Please set down each entry exactly, omitting any picture it holds.

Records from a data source
****

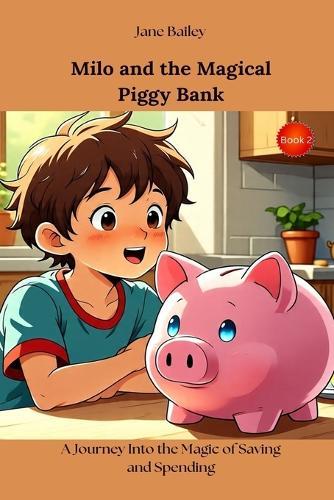 Milo and the Magical Piggy Bank: A Journey Into the Magic of Saving and Spending (Book 2)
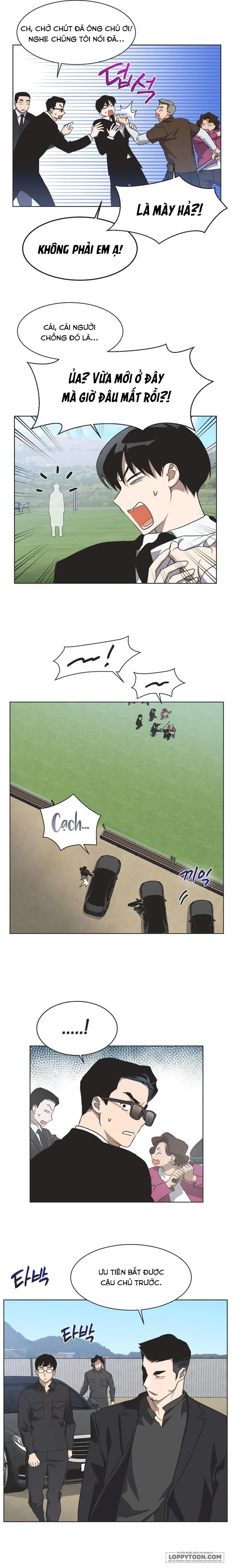 Lọ Lem Không Hoàn Hảo Chap 71 - trang 11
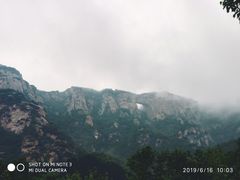 -北京密云天门山风景区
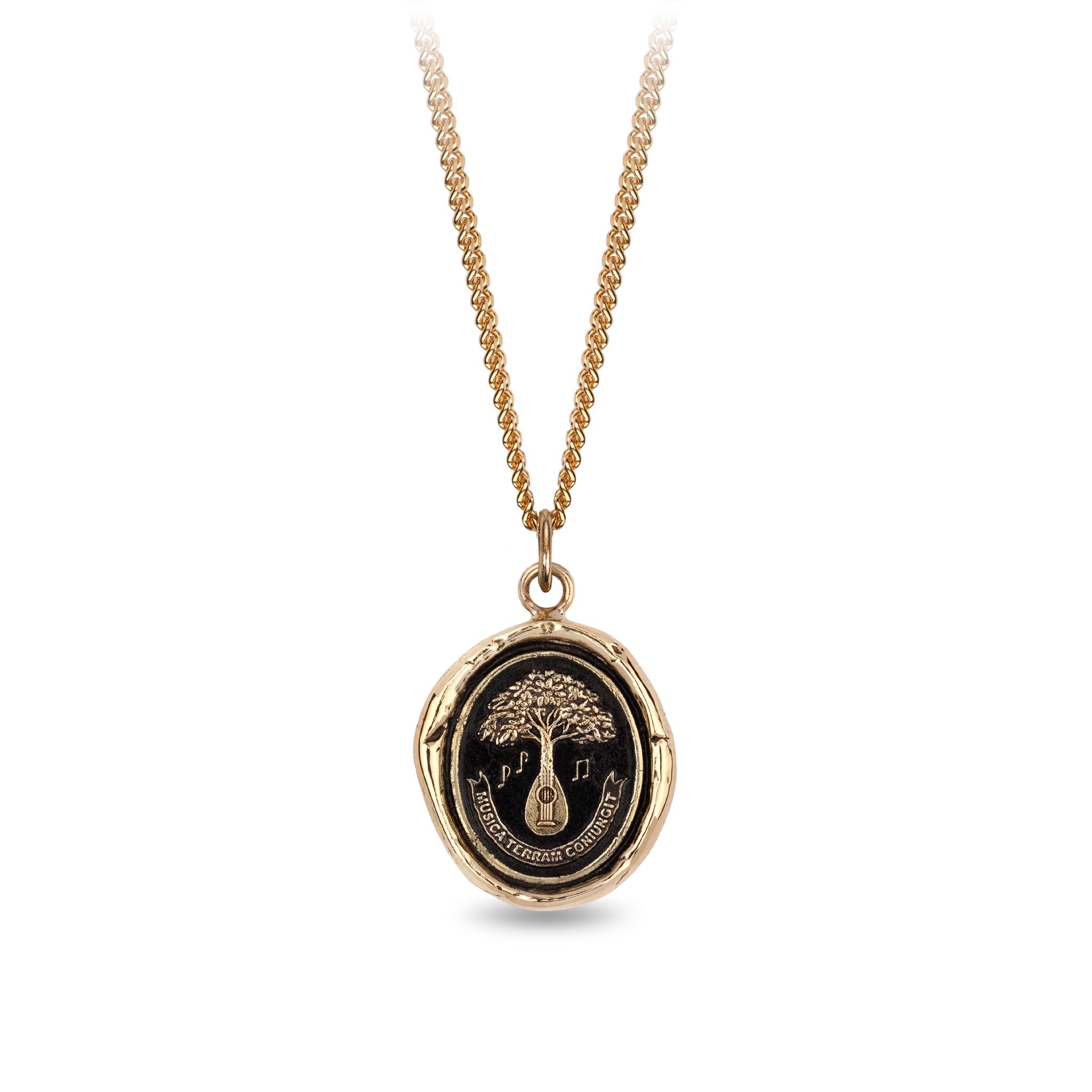 Music Unites Us 14K Gold Signature Talisman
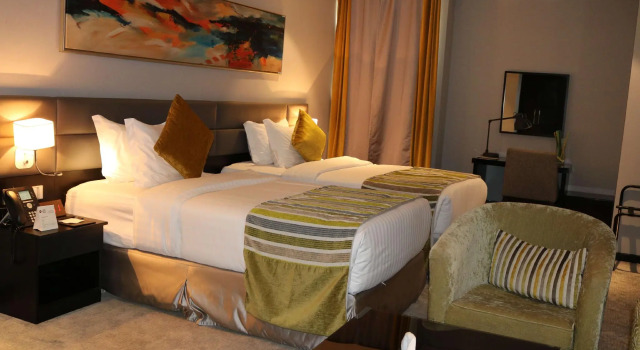 Двухместный номер Deluxe Best Plus Aurora Hotel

****

**Expected answer**.
 Milo and the Magical Piggy Bank: A Journey Into the Magic of Saving and Spending (Book 2)
 Lọ Lem Không Hoàn Hảo Chap 71 - trang 11
 -北京密云天门山风景区
 Music Unites Us 14K Gold Signature Talisman
 Двухместный номер Deluxe Best Plus Aurora Hotel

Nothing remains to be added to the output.